The question says f(x)= x^2-5x-6 and F(x)= integral (0 to x) f(t) dt.

Find the critical points, local max, min and inflection points.

Solution:

Using the second FTC, I got

F(x) = integral (0 to x) (t^2-5t-6) dt

so F'(x) = x^2-5x-6
and the graph of this is included at the bottom. So from the graph I can understand that the critical points are -1 and 6 since F'(x) is the derivative of the integral.

But I don't know how to find local max,min and inflection points from this graph (given that it is the graph of the derivative of an antiderivative). Can anyone please help me find them/ explain them how to find it please?

(I know that to find local max, min and inflection points, I use the second derivative of a regular function. But I am not sure how to find them using the 2nd FTC)

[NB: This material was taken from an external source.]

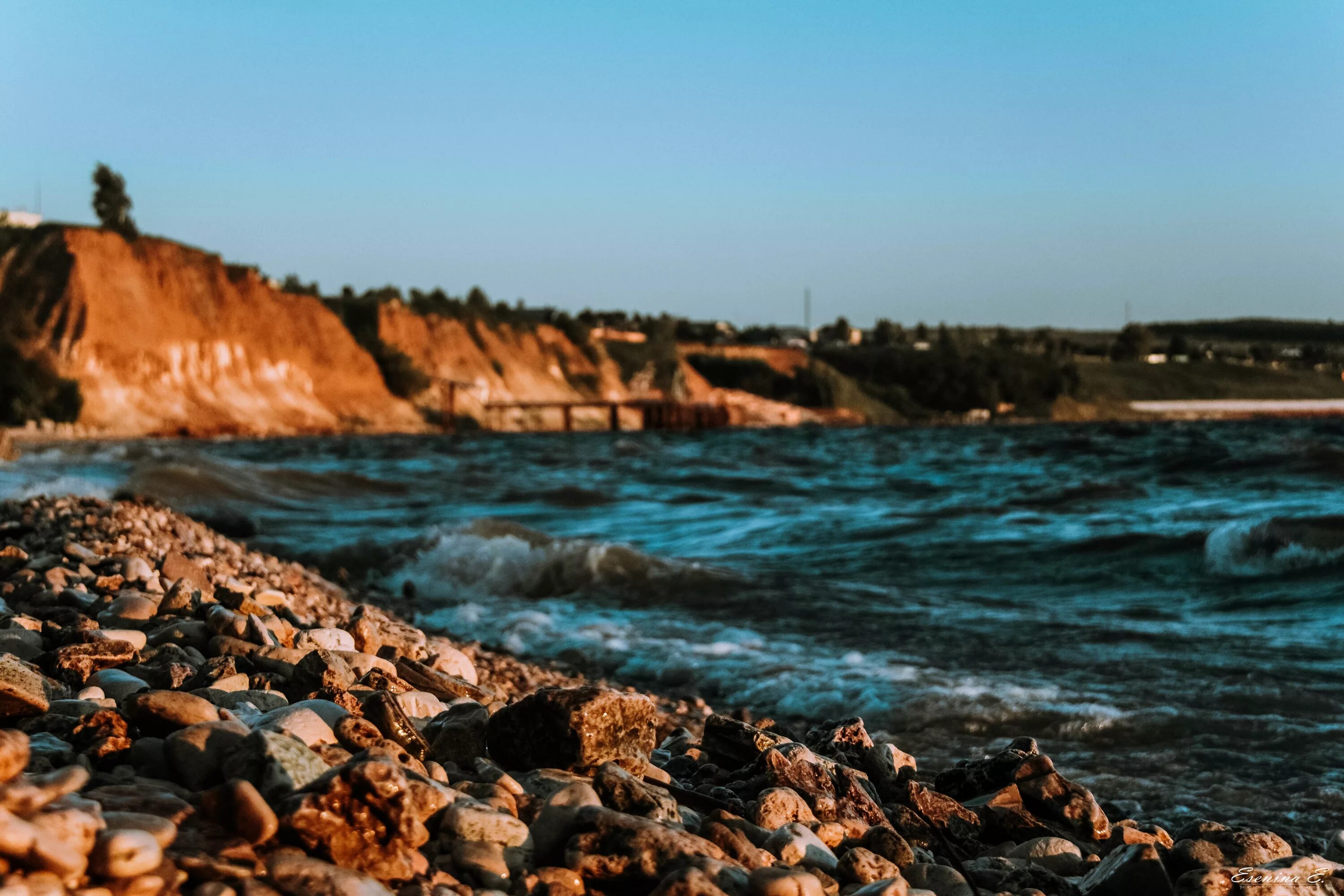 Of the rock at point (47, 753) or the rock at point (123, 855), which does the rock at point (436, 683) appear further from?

2. Originally Posted by skboss
I am trying to understand how to find the local max, min, inflection and critical points just by looking at the graphs from an Integral. Someone please help me.

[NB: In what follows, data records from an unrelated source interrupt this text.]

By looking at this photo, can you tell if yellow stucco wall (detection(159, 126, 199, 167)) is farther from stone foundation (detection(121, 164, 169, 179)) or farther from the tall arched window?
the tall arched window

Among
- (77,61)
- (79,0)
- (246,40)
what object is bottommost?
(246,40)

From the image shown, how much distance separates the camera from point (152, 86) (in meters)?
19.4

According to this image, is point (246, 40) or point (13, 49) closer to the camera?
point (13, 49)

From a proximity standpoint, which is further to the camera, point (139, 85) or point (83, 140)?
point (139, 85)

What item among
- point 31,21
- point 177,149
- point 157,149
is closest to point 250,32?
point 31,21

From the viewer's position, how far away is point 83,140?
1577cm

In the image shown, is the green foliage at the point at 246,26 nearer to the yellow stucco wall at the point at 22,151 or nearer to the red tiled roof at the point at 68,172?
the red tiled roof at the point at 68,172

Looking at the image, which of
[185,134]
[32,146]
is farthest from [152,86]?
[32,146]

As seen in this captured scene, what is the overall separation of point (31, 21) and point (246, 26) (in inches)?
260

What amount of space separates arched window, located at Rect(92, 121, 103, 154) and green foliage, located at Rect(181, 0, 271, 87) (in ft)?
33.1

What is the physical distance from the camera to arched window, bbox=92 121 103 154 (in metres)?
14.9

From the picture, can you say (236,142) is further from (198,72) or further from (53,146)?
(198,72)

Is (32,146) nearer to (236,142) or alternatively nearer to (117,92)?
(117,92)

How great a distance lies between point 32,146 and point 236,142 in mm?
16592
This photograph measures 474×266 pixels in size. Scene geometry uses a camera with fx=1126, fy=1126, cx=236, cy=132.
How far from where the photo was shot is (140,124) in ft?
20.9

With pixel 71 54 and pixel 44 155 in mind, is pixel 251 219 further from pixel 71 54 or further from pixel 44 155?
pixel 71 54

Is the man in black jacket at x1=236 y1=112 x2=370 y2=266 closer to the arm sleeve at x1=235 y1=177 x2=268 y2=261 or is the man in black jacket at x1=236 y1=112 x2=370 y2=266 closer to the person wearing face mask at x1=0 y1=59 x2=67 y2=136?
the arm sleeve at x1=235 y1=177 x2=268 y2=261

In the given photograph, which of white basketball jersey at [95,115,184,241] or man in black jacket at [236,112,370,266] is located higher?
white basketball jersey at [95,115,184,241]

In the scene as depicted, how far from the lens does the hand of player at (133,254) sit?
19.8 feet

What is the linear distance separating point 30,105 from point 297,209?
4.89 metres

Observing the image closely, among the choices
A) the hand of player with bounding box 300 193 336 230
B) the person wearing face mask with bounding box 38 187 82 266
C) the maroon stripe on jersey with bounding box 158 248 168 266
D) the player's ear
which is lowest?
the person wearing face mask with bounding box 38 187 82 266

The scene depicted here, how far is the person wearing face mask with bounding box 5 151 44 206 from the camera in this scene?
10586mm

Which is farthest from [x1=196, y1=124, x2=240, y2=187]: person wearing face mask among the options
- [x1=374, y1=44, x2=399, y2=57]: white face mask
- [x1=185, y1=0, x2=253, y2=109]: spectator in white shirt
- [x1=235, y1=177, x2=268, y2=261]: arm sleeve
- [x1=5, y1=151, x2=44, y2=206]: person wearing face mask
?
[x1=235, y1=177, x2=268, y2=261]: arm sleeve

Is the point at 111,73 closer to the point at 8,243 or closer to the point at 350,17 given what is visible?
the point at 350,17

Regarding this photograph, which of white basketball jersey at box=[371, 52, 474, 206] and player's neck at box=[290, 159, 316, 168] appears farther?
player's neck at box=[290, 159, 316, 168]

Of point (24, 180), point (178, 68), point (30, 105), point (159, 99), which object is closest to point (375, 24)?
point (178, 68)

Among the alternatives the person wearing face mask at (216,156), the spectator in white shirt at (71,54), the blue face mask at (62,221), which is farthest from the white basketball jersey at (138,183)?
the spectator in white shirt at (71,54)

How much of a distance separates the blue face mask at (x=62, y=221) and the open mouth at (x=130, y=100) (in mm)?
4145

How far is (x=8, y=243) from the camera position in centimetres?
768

The question says f(x)= x^2-5x-6 and F(x)= integral (0 to x) f(t) dt.

Find the critical points, local max, min and inflection points.

Solution:
Using the second FTC, I got

F(x) = integral (0 to x) (t^2-5t-6) dt

so F'(x) = x^2-5x-6
and the graph of this is included at the bottom. So from the graph I can understand that the critical points are -1 and 6 since F'(x) is the derivative of the integral.

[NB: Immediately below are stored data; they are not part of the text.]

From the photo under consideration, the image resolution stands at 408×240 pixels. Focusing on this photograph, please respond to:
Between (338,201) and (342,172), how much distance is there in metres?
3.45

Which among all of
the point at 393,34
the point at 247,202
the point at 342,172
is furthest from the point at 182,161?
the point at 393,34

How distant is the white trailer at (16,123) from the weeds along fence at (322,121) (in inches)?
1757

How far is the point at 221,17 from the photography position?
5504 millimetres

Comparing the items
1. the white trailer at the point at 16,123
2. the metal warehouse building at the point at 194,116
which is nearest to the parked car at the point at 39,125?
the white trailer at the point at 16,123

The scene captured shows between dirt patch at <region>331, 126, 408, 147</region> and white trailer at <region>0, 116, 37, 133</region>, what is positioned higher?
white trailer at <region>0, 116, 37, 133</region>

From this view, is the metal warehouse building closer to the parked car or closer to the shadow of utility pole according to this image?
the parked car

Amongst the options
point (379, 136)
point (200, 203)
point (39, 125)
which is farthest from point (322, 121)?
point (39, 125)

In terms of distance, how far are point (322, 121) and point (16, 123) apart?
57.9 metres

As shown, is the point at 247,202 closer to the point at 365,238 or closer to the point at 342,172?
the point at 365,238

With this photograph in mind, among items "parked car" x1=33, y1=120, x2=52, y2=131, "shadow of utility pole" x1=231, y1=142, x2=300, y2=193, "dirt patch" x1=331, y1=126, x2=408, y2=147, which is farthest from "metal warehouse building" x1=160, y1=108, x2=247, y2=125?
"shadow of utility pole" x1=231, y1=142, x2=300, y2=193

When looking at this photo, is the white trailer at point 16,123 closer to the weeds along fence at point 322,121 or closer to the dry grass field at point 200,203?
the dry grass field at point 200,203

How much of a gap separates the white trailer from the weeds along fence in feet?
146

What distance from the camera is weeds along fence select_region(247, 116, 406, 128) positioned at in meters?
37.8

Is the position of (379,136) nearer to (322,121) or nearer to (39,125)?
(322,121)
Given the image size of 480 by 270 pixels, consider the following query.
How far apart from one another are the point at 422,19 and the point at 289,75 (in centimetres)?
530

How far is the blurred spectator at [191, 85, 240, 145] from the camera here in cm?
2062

But I don't know how to find local max,min and inflection points from this graph (given that it is the graph of the derivative of an antiderivative). Can anyone please help me find them/ explain them how to find it please?

(I know that to find local max, min and inflection points, I use the second derivative of a regular function. But I am not sure how to find them using the 2nd FTC)

The graph shown is the graph of the derivative. A local max occurs a where the derivatve changes from positive to negative. A local min occurs where the derivative changes from negative to positive. An inflection point occurs where the function changes concavity. The function is concave up when the second derivative is positive (where the graph of derivative is increasing). The function is concave down where the second derivative is negative (where the graph of the derivative is decreasing). Hope that helped you.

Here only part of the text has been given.